American stage and television actor (1945–2025)

Robert Machray Ward (May 4, 1945 – January 12, 2025) was an American stage and television actor. He was best known for playing the recurring role of fire marshal Dobbins in the American sitcom television series Cheers.

== Life and career ==
Machray was born in San Diego, California. His stage career included numerous major roles at Shakespeare festivals, and major roles with companies such as the Los Angeles Civic Light Opera, Hartford Stage and Playwrights Horizons. He began his screen career in 1977, appearing in the television film Panic in Echo Park.
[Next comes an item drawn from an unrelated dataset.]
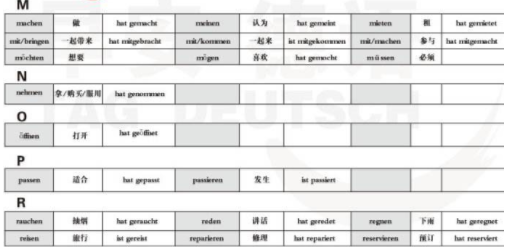 德語(yǔ)a1考試難嗎？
He then appeared in the ABC sitcom television series Operation Petticoat.

Machray guest-starred in television programs including Cheers, Roseanne, Life Goes On, The Drew Carey Show, Suddenly Susan, Profiler and Three's Company. He also appeared in two films: Cutting Class (as Mr. Conklin) and The Master of Disguise. In 1983, he was cast in a summer stage production of My Fair Lady, and in 1991, he appeared in the stage play A Passenger Train of Sixty-One Coaches.

Machray retired from acting in 2011, last appearing in the NBC satirical television mockumentary sitcom Parks and Recreation.

== Personal life and death ==
Machray lived in North Hollywood, Los Angeles, with his husband Luigi Camperchioli.

Machray died of complications from dementia and two strokes at his home on January 12, 2025, at the age of 79.